4. Load the MONARCH dust forecasts and select time-series for Santa Cruz, Tenerife

  • Hint

    • With the xarray function sel() and keyword argument method='nearest' you can select data based on coordinate information

    • We also recommend you to transform your xarray.DataArray into a pandas.DataFrame with the function to_dataframe() and save it as csv with the function to_csv()

5. Visualize both time-series of CAMS and MONARCH forecasts together in one plot


Load required libraries

import xarray as xr
import pandas as pd

from IPython.display import HTML

import matplotlib.pyplot as plt
import matplotlib.colors
from matplotlib.cm import get_cmap
from matplotlib import animation
from matplotlib.axes import Axes

import cartopy.crs as ccrs
from cartopy.mpl.gridliner import LONGITUDE_FORMATTER, LATITUDE_FORMATTER
import cartopy.feature as cfeature
from cartopy.mpl.geoaxes import GeoAxes
GeoAxes._pcolormesh_patched = Axes.pcolormesh

import warnings
warnings.simplefilter(action = "ignore", category = RuntimeWarning)

Load helper functions

%run ../../functions.ipynb

1. Download and animate the CAMS global forecast for 21 Feb 2020

First, we have to download the CAMS global atmospheric composition forecast data from the Copernicus Atmosphere Data Store with the following specifications:

  • Variable on single levels: Dust aerosol optical depth at 550 nm

  • Date (Start and end): 2020-02-21

  • Time: 12:00

  • Leadtime hour: every three hours from 0 to 90

  • Type: Forecast

  • Restricted area: N: 67, W: -30, E: 71, S: -3

  • Format: Zipped netCDF

See the CDSAPI request below.

URL = 'https://ads.atmosphere.copernicus.eu/api/v2'
KEY = '######################'
import cdsapi

c = cdsapi.Client(url=URL, key=KEY)

c.retrieve(
    'cams-global-atmospheric-composition-forecasts',
    {
        'variable': 'dust_aerosol_optical_depth_550nm',
        'date': '2020-02-21/2020-02-21',
        'time': '12:00',
        'leadtime_hour': [
            '0', '12', '15',
            '18', '21', '24',
            '27', '3', '30',
            '33', '36', '39',
            '42', '45', '48',
            '51', '54', '57',
            '6', '60', '63',
            '66', '69', '72',
            '75', '78', '81',
            '84', '87', '9',
            '90',
        ],
        'type': 'forecast',
        'area': [
            67, -30, -3,
            71,
        ],
        'format': 'netcdf_zip',
    },
    '../../eodata/case_study/cams/20210221_dustAOD.zip')

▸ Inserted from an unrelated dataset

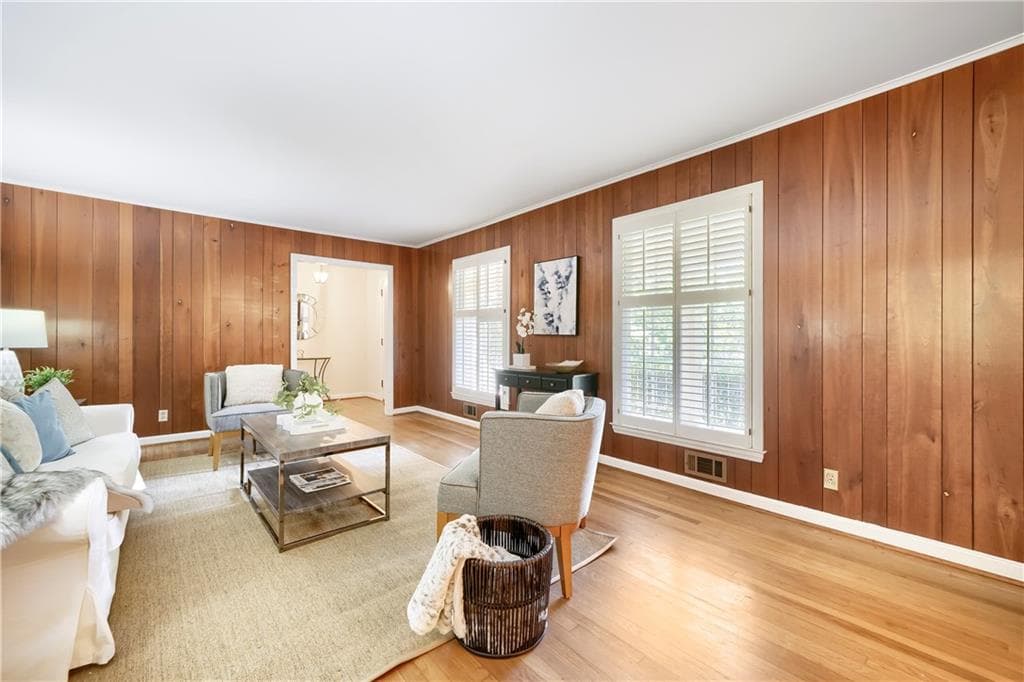 3 bedroom, 2 bathroom, 1,793 sq ft single family residence under contract at 2737 Overlook Drive, Atlanta, GA 30345 — photo 7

The first step is to unzip file from the zipped archive downloaded.

import zipfile
with zipfile.ZipFile('../../eodata/case_study/cams/20200221_dustAOD.zip', 'r') as zip_ref:
    zip_ref.extractall('../../')

Then, we can open the netCDF file with the xarray function open_dataset(). We see that the data has three dimensions (latitude, longitude, time) and one data variable:

  • duaod550: Dust Aerosol Optical Depth at 550nm

file = xr.open_dataset('../../eodata/case_study/cams/data.nc')
file
<xarray.Dataset>
Dimensions:    (longitude: 253, latitude: 176, time: 31)
Coordinates:
  * longitude  (longitude) float32 -30.0 -29.6 -29.2 -28.8 ... 70.0 70.4 70.8
  * latitude   (latitude) float32 67.0 66.6 66.2 65.8 ... -1.8 -2.2 -2.6 -3.0
  * time       (time) datetime64[ns] 2020-02-21T12:00:00 ... 2020-02-25T06:00:00
Data variables:
    duaod550   (time, latitude, longitude) float32 ...
Attributes:
    Conventions:  CF-1.6
    history:      2021-11-02 14:50:00 GMT by grib_to_netcdf-2.23.0: /opt/ecmw...

Let us now store the data variable Dust Aerosol Optical Depth (AOD) at 550nm as xarray.DataArray with the name du_aod.

du_aod = file.duaod550
du_aod
<xarray.DataArray 'duaod550' (time: 31, latitude: 176, longitude: 253)>
[1380368 values with dtype=float32]
Coordinates:
  * longitude  (longitude) float32 -30.0 -29.6 -29.2 -28.8 ... 70.0 70.4 70.8
  * latitude   (latitude) float32 67.0 66.6 66.2 65.8 ... -1.8 -2.2 -2.6 -3.0
  * time       (time) datetime64[ns] 2020-02-21T12:00:00 ... 2020-02-25T06:00:00
Attributes:
    units:      ~
    long_name:  Dust Aerosol Optical Depth at 550nm

Above, you see that the variable du_aod has two attributes, units and long_name. Let us define variables for those attributes. The variables can be used for visualizing the data.

long_name = du_aod.long_name
units = du_aod.units

Let us do the same for the coordinates longitude and latitude.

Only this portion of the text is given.